[Stored items]
↓↓↓

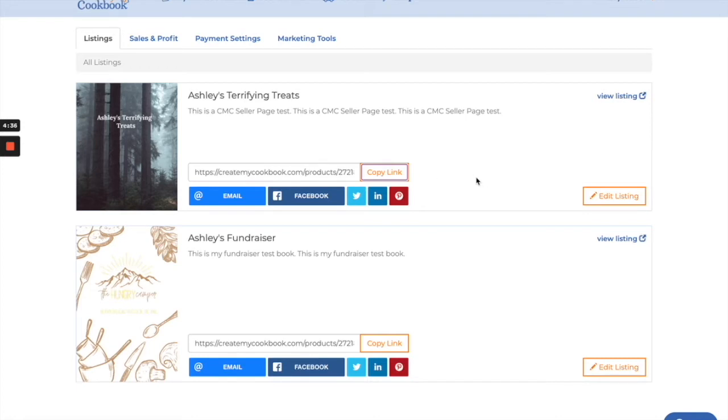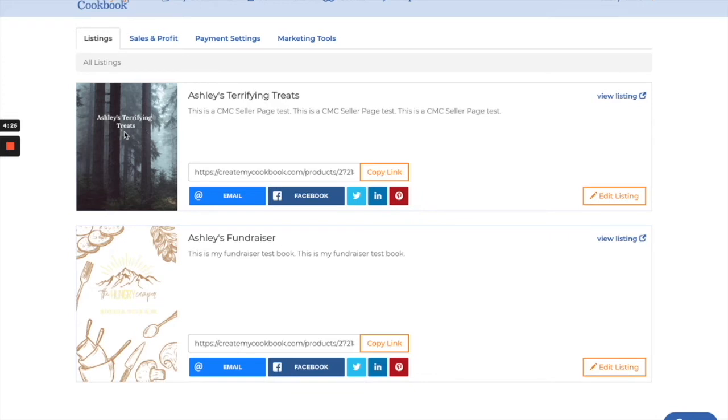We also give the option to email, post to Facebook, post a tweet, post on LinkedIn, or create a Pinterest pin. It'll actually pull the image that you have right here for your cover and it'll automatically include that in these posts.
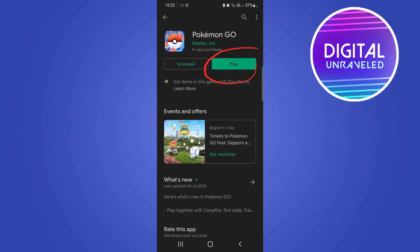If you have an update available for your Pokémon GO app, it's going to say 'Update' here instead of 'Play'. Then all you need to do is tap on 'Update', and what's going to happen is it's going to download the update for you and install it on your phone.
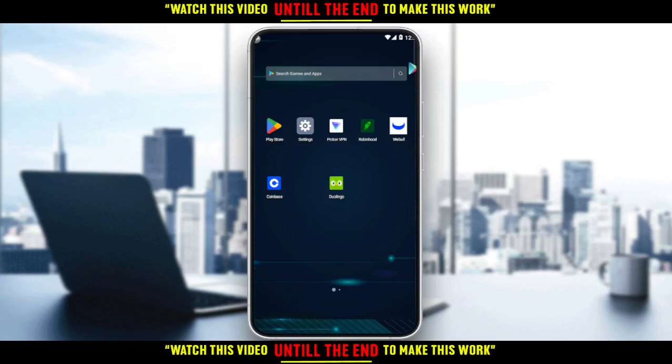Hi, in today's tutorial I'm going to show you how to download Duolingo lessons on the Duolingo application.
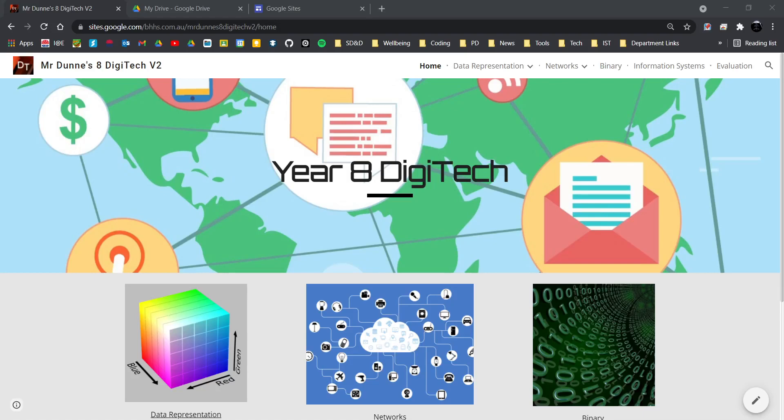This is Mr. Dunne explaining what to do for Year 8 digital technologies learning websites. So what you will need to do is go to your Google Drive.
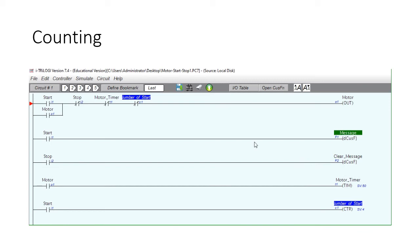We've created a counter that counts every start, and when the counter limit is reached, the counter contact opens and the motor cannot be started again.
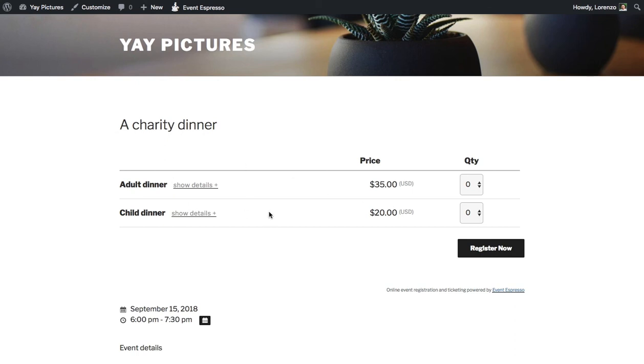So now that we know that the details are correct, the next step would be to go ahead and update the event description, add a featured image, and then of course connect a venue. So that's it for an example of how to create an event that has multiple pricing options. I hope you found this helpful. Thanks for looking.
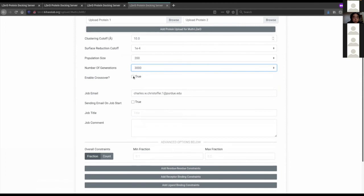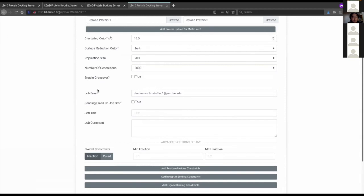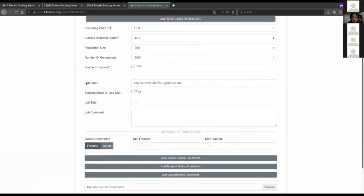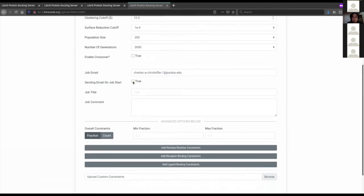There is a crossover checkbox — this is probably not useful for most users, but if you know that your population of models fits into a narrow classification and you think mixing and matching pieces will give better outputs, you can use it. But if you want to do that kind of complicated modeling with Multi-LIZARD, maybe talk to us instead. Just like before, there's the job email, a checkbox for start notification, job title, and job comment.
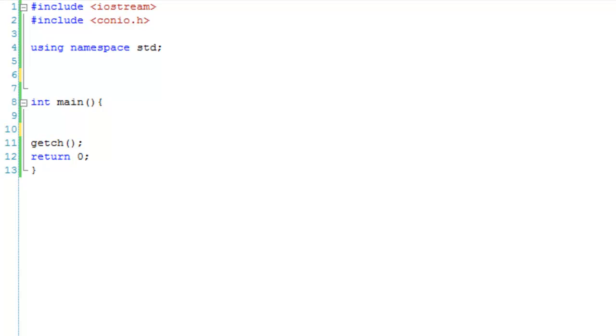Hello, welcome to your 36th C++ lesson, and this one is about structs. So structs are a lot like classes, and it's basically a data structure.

↑↑↑

- [Your task] Taking the entries above, extract every line from the one bearing "This is Mr." through the one bearing "So now that", exactly, with no pictures.

- [Answer area]
This is Mr. Dunne explaining what to do for Year 8 digital technologies learning websites. So what you will need to do is go to your Google Drive.
We've created a counter that counts every start, and when the counter limit is reached, the counter contact opens and the motor cannot be started again.
So now that we know that the details are correct, the next step would be to go ahead and update the event description, add a featured image, and then of course connect a venue. So that's it for an example of how to create an event that has multiple pricing options. I hope you found this helpful. Thanks for looking.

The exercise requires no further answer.